Explanatory Memorandum

(Circulated by authority of the Treasurer, the Hon Peter Costello MP)

Chapter 6 - Denial of deductions for illegal activities

Outline of chapter

6.1 Schedule 3 to this Bill inserts section 26-54 into the Income Tax Assessment Act 1997 . The provision will deny deductions for losses and outgoings where they are incurred in the furtherance of, or directly in relation to, activities in respect of which the taxpayer has been convicted of an indictable offence.

6.2 Complementary amendments to the capital gains tax provisions will ensure such losses and outgoings are not included in cost base calculations.

Context of amendments

6.3 The income tax law allows deductions against a taxpayer's assessable income for any loss or outgoing incurred in gaining or producing assessable income, or necessarily incurred in carrying on a business for the purpose of gaining or producing assessable income. Generally, deductions will be allowed under these provisions if there is sufficient nexus or link between the loss or outgoing and the business or production of assessable income, and the amount is not of a private or capital nature.
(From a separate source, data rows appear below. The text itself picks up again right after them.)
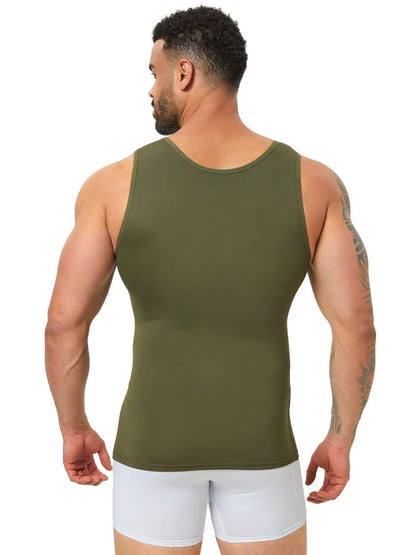 Mens Compression Tank Top  Body Shaper With Tummy Control  Chest Support 1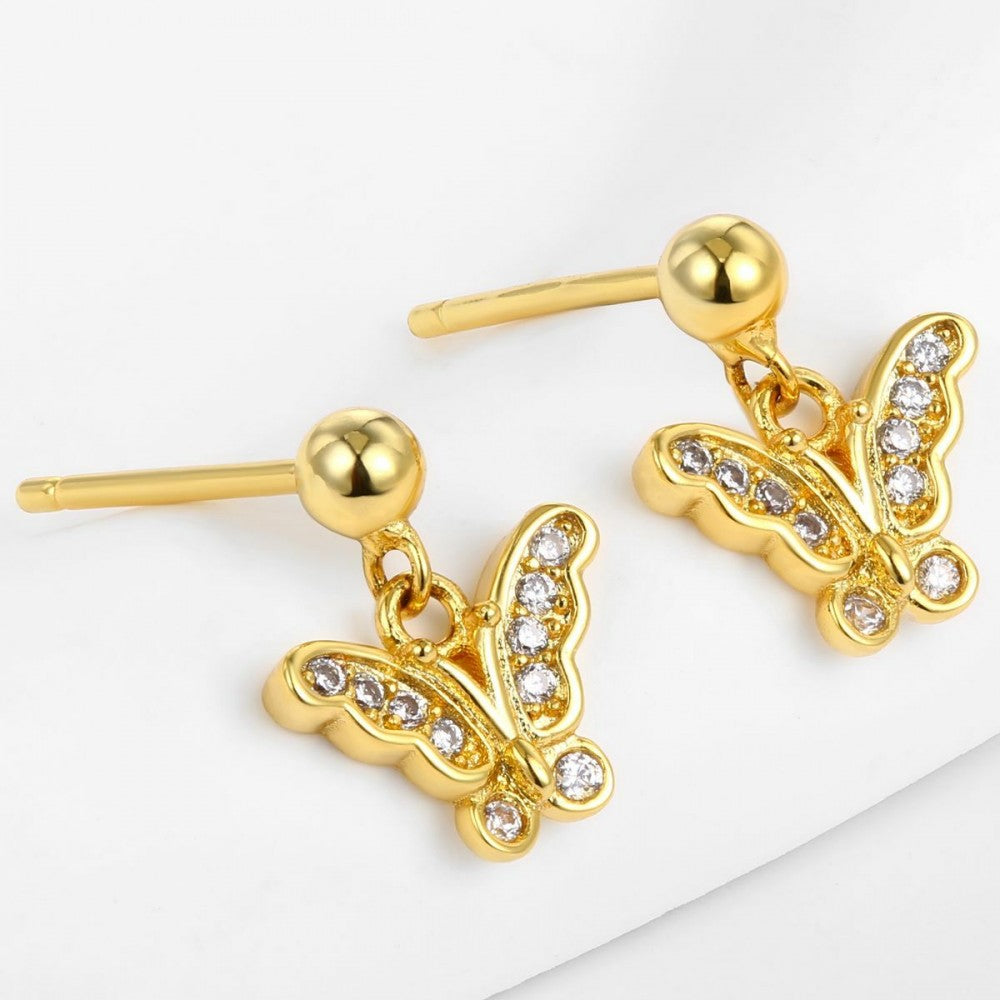 Ohrringe aus goldplattierter Legierung mit weißem Emporia® Kristall 1 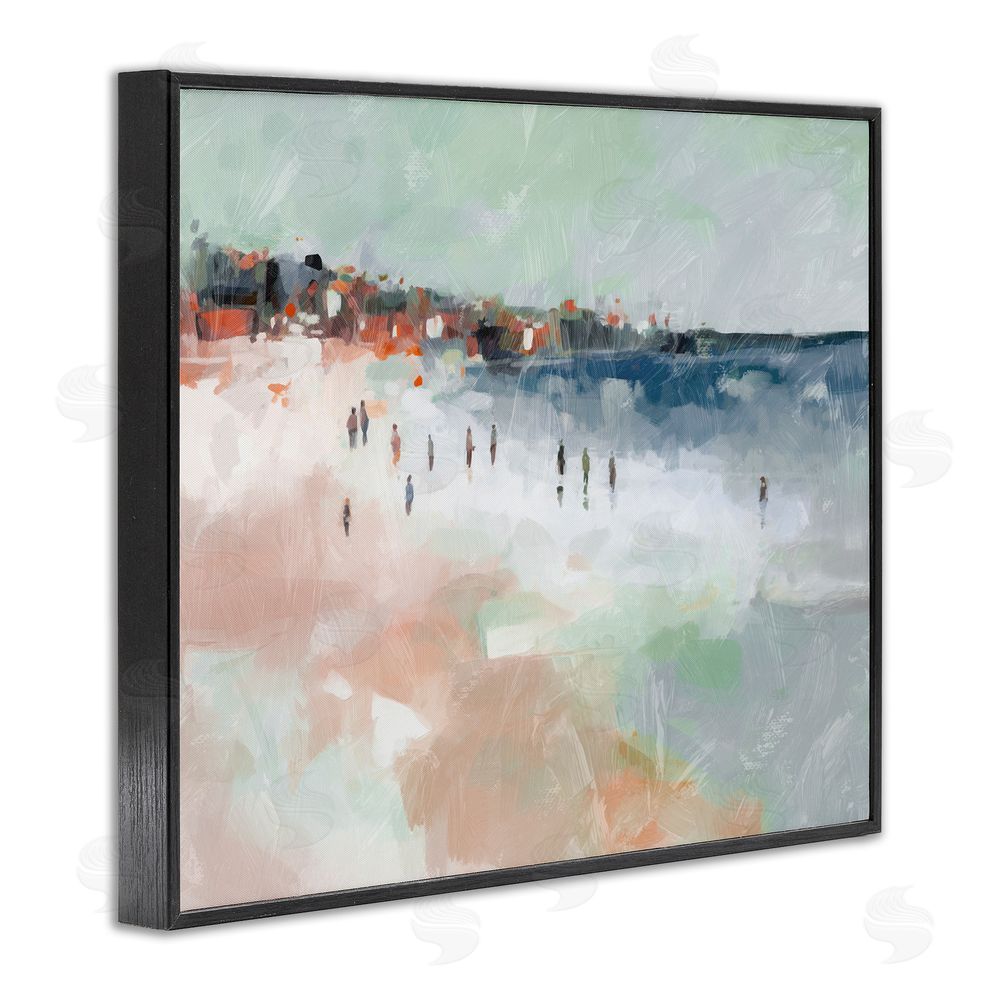 Ziwei Li Abstract People on Shore Black Framed Giclee Wall Art Print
6.4 On 5 June 2003, the Full Federal Court in Commissioner of Taxation v La Rosa confirmed earlier decisions to allow a tax deduction for $220,000 for money stolen from the taxpayer, as it was considered there was a sufficient link between the theft and the taxpayer earning his assessable income through illegal drug dealing.

6.5 The Full Federal Court found that the taxpayer being engaged in an illegal activity when the loss was sustained did not mean that the deduction should be denied.

6.6 On 27 October 2004 the High Court refused the Commissioner of Taxation's (Commissioner) special leave application to appeal the Full Federal Court's decision.

Summary of new law

6.7 These amendments will deny deductions for losses and outgoings whether they are of a revenue nature or capital nature to the extent that they are incurred in the furtherance of, or directly in relation to, activities in respect of which the taxpayer has been convicted of an indictable offence. Indictable offences are offences that are punishable by imprisonment for at least one year.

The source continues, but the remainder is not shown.